Reproducibility project: June report

Here is a summary of what I have been working on in the past month in the scope of the reproducibility project.

The bulk of the work this month was focused on testing the new architecture on concrete workflows and fixing bugs as I discovered them. And there were a lot of them! Rather than giving an exhaustive list (the commit log is there for that), let me describe the broad areas:

  • a lot of bugs were about the refresh logic of the frontend: avoiding unnecessary updates and ensuring the ones required are actually happening;
  • error handling. This area has been overlooked for so long (be it in the new architecture or earlier) that there was a lot of work to do there (and still a lot of potential for improvement). Now that we have a panel to display details about the long-running process queue, there was also the opportunity to add dedicated error handling there. If a process encounters an error which should interrupt it, that error is now reported there. Potentially, that could be improved to also make it possible to restart the process (if the cause of the error has been addressed). I introduced this primarily for the Wikibase upload operation, which could not really benefit from the crash recovery feature introduced earlier as it required a new login to the Wikibase instance. I also worked on introducing meaningful status codes in the commands exposed by the backend, as well as a catch-all event listener which reports errors to the user when a backend command fails. The hope with this is that we can have more precise bug reports without having to ask people to check the backend logs.
  • memory management improvements. I reintroduced the caching logic I had removed when working on the partial operation result support, which makes a very noticeable difference to the reactivity of the UI. This is an aspect of the new architecture that I expect will benefit quite a lot from broad testing on various types of workflows, to identify the situations in which it can still get slow.

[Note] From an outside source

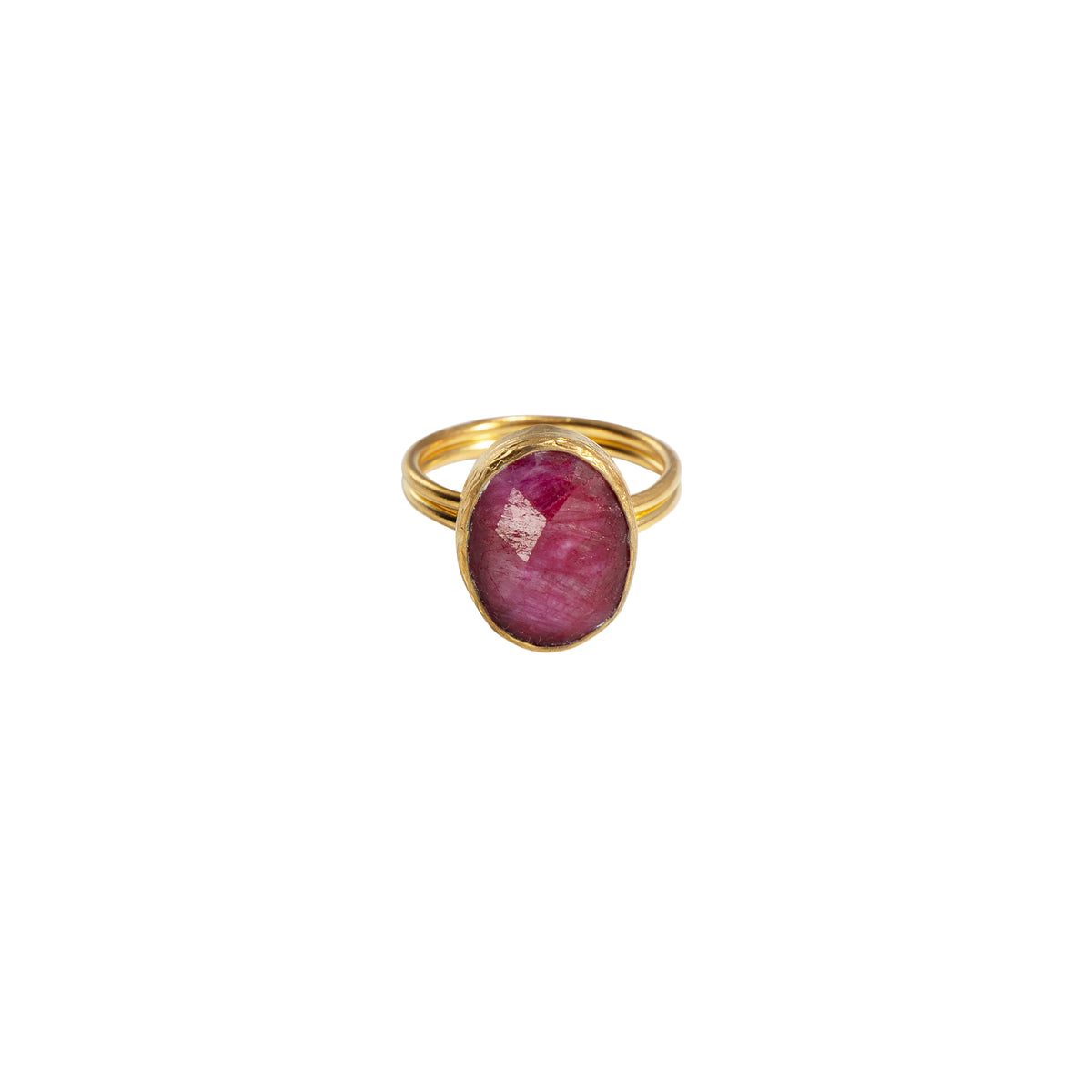 A gold ring featuring an oval-cut pinkish-red gemstone, set against a plain white background.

Towards the end of the month, the problems I was writing down during testing were increasingly often problems that were also present in 3.x (and that I would not fix on the 4.0 branch but rather just open an issue about them). And overall I was really able to do some end-to-end workflows without having to stop every 5 minutes to note down an issue to fix later. To me that's a good sign, meaning that this version is ready for broader testing. One of the testing workflows was Wikidata upload to mark some journalists as being part of the ICIJ via scraping.

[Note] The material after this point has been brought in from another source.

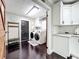 Bright laundry room with modern washer and dryer, and stylish white cabinets at 33413 Fairway Rd, Leesburg, FL 34788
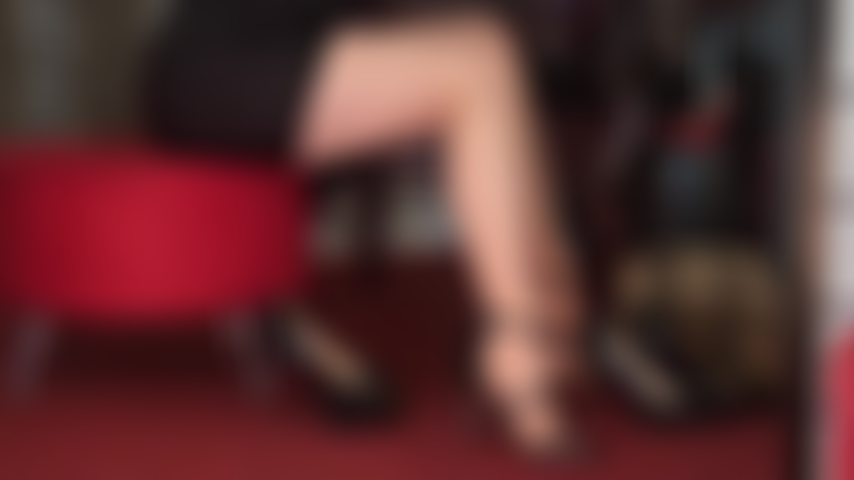 Seduciendo piernas y pies en medias bronceadas y varios pares de tacones altos negros sexys.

The discussion on releasing and merging this architecture with the master branch is ongoing and I am glad I am getting more feedback from the developer team. We will continue the discussion there. Given that the new architecture is a large rewrite of the backend I think it's easier to review a clear documentation of the new structure rather than looking at diffs, but the current documentation is not good enough for that.

One issue that has been preventing more user testing is the unavailability of snapshot releases due to a problem with Sonatype's repository. We need to migrate to something else to restore the snapshots, because it feels like it's something which really does make it easier for a lot of people to try out development versions.

In July I anticipate to work mostly on documentation and facilitating the review of the architecture by other developers. In parallel I want to start doing more user testing and start the recruitment process of the designer.

3 Likes

As an example here is how an internal error in the Wikibase uploading operation would show up:
image

It's far from perfect but at least it does not pretend anymore that the operation is still running whereas it has failed already.